Нижняя часть лица нищего была спрятана под закинутую на плечо полой плаща, но и того, что виделось, было достаточно, чтоб угадать одну из тех физиономий, которые, виденные раз, остаются в памяти за всю жизнь: римский нос разделял два голубые глаза, способные удивить льва, а плечи, хотя и покрытые лохмотьями, доказывали, что человека, имеющего их, не легко было бы оскорбить безнаказанно, и не один скульптор не отказался бы заставить его позировать для торса.[14]
Легкий удар по плечу пробудил нищего от созерцательной неподвижности. Он обернулся, и с ласковым видом молвил пришедшему:
– Вы здесь, брат.
И точно, по сходству, казался братом Муцио тот, кого он назвал этим именем. То был Аттилио, наш приятель, который к словам первого прибавил:
– Вооружен ты?
– Вооружен?!.. как-то презрительно переспросил нищий: – а зачем? Я вооружен гневом и местью за мое отнятое достояние, за похищенное мое наследство… Ты думаешь, я это позабыл? Нет, я также все это помню, как ты не забудешь свою Клелию, как не забыть мне моей… Эх! да и зачем любовь нищему, отверженцу общества?… Кто поверит, что в груди, покрытой тряпками, может так биться сердце, способное чувствовать?

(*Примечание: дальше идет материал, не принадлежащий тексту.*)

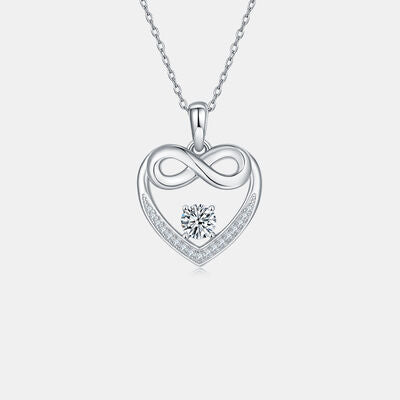 Moissanite 925 Sterling Silver Heart Necklace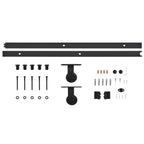 Kit di Binari per Porte Scorrevoli Skien 183 cm Acciaio Nero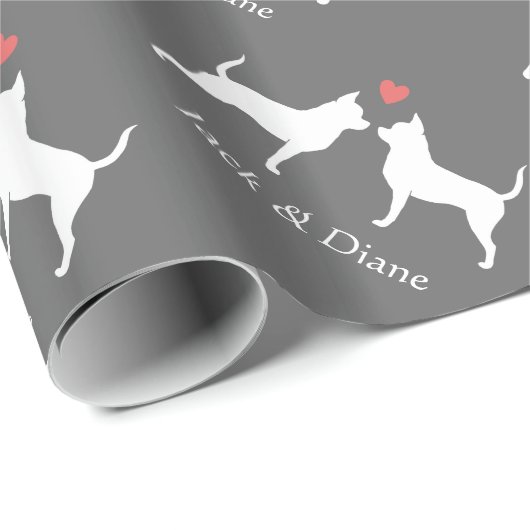 Chihuahua-Silhouetten Hochzeit mit benutzerdefinie Geschenkpapier (Rolleneckpunkt)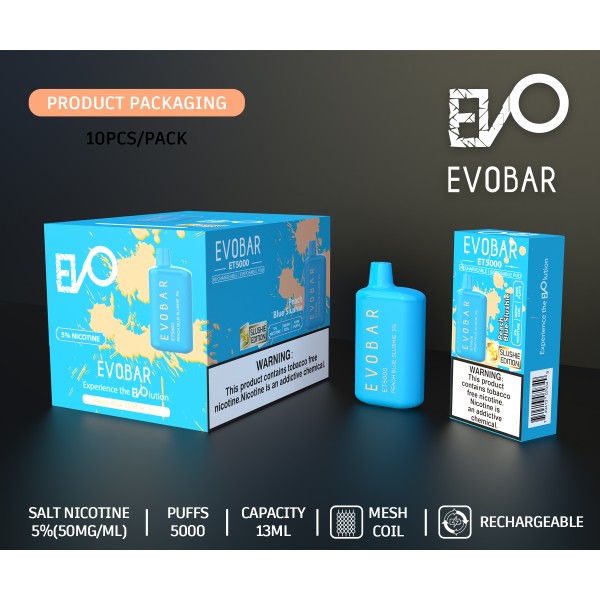 EVO BAR ET5000 SLUSHIE EDITION DISPOSABLE VAPE 10CT/DISPLAY - AK WHOLESALE EXCLUSIVE (CL)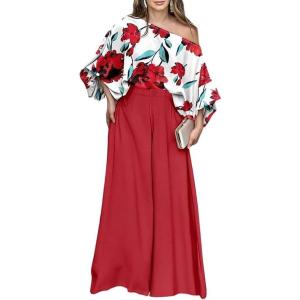 image:imageCHICME Women Summer 2 Piece Outfits Off Shoulder Top Flowy Wide Leg Pants Set Vacation Travel Airport OutfitsRed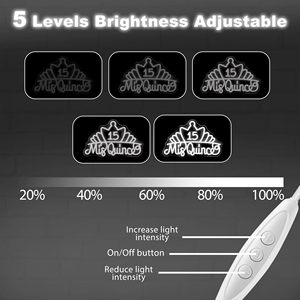 Letrero Luminoso LED <span class=keywords><strong>de</strong></span> Neón 'Mis 15 Quince' para Cumpleaños, Quinceañera, Colección <span class=keywords><strong>de</strong></span> Neón Personalizada, Luces LED, Pantalla Electrónica - Product Image 6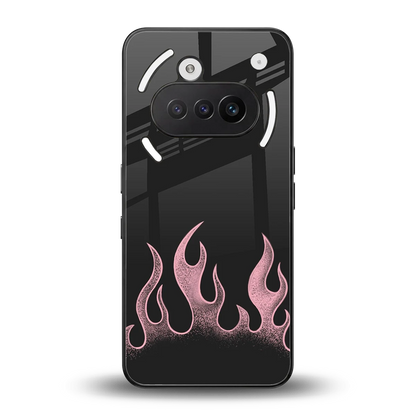 Retro Pink Flames back phone cover | glass case for nothing phone 3a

– А однако ж, вставил Аттилио: – та прелестная форестьерка, я знаю наверное, что тебя любит, на сколько может любить женщина…
Муцио смолкнул и поник головою, и Аттилио, отгадывая поднявшуюся бурю в душе своего друга, дотронулся легонько до его руки и шепнул:
– Vieni!
И Муцио последовал за ним, не вымолвив ни слова.

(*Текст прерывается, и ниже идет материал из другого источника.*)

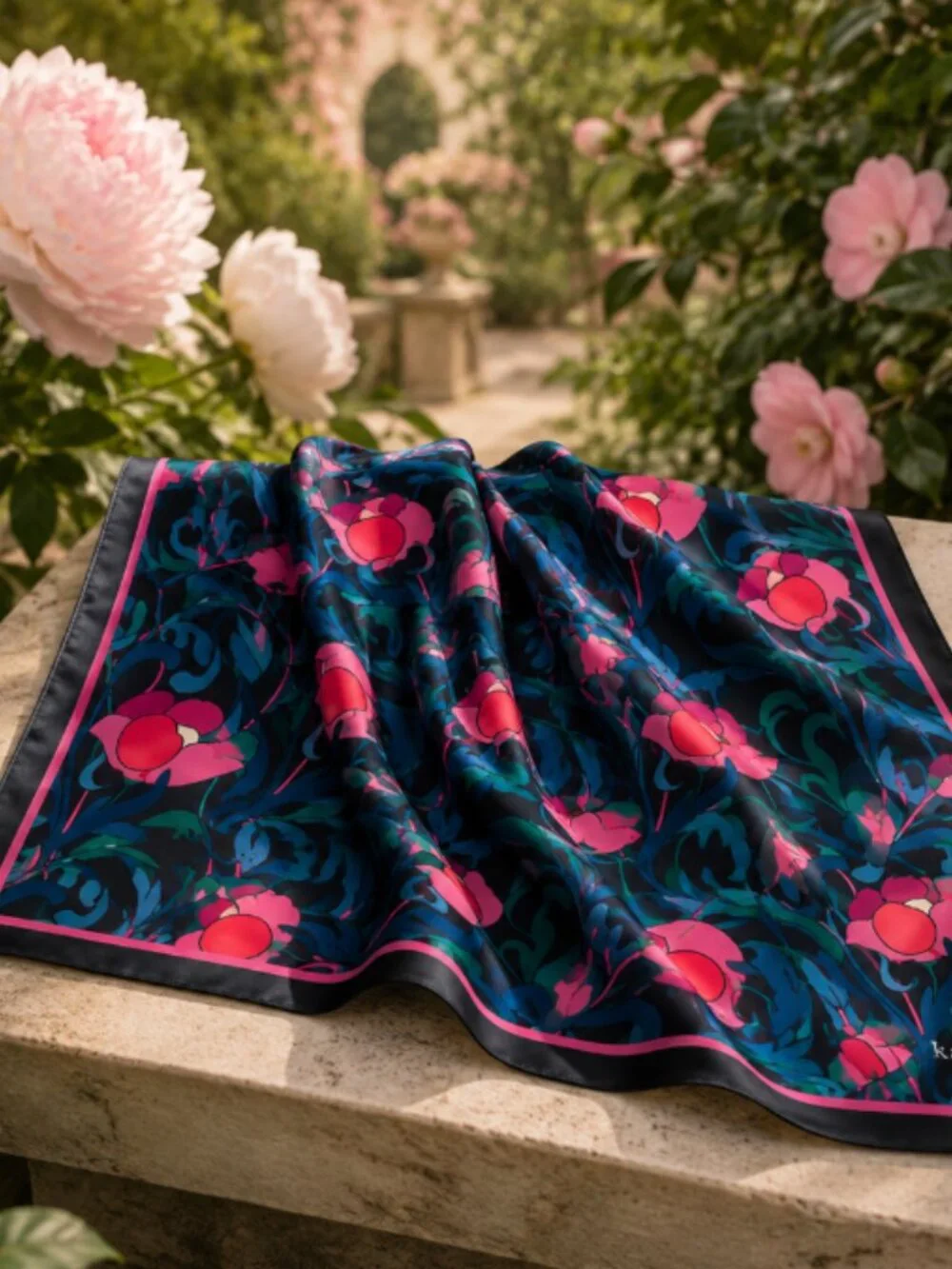 Kate Spade New York Floral Swirl 100% Silk Twill Square Scarf NWT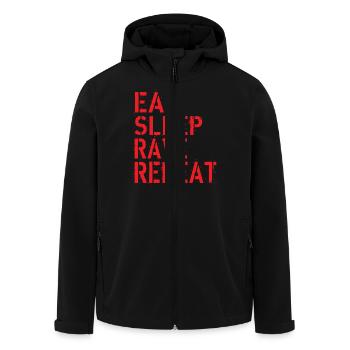 Eat Rave Sleep - Recycelte Männer Softshell-Jacke von Stanley/Stella - Schwarz - Vorne - AI Model Male 185 light (185cm)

А между тем уже спала ночь, накрывшая своим темным покровом вечный город; на смолкнувших улицах, прохожие поредели; тени дворцов и монументов смешались с тьмой, и только мерные и тяжелые шаги иностранных патрулей раздавались еще в тишине наступившей ночи.

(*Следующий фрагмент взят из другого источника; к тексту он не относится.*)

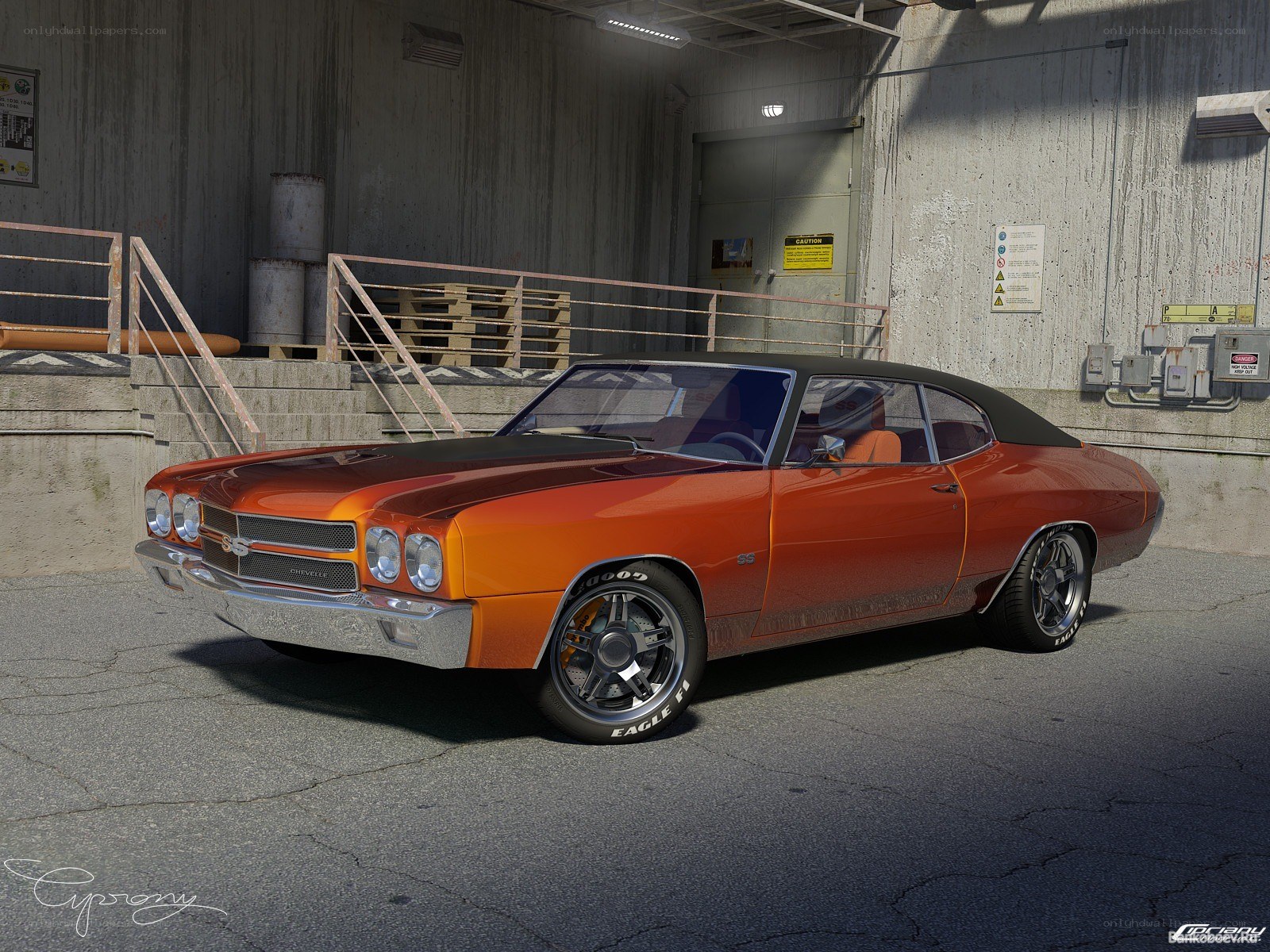 Orange classic muscle car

Патеров в эти часы встречается немного, они спокойствие предпочитают риску: тепленькая спаленка для них предпочтительнее темной улицы: в ночное время римские улицы не безопасны, а патеры, как известно, в отношении самих себя, особенно животолюбивы.
– Покончим ли мы когда с этими птицами? спросил развеселившийся Муцио.
– О, да! воскликнул Аттилио: – покончим и скоро!
Разговаривая таким образом, друзья незаметно дошли до одного мрачного здания, очевидно тюрьмы. Они остановились у боковой двери, недалеко от главного входа. Вошли, миновали узкий корридор, поднялись по лесенке и очутились в комнате, предоставленной начальнику караула; все убранство её состояло из скамьи и нескольких стульев; на скамье несколько бутылок, несколько стаканов и мерцавшая лучерна. Там, усадив гостей, сержант начал первый:
– Выпьем по стаканчику орвието[15], товарищи, что в холодную ночь пользительнее благословений самого папы… И он подвинул пузатую флягу, оплетенную тростником.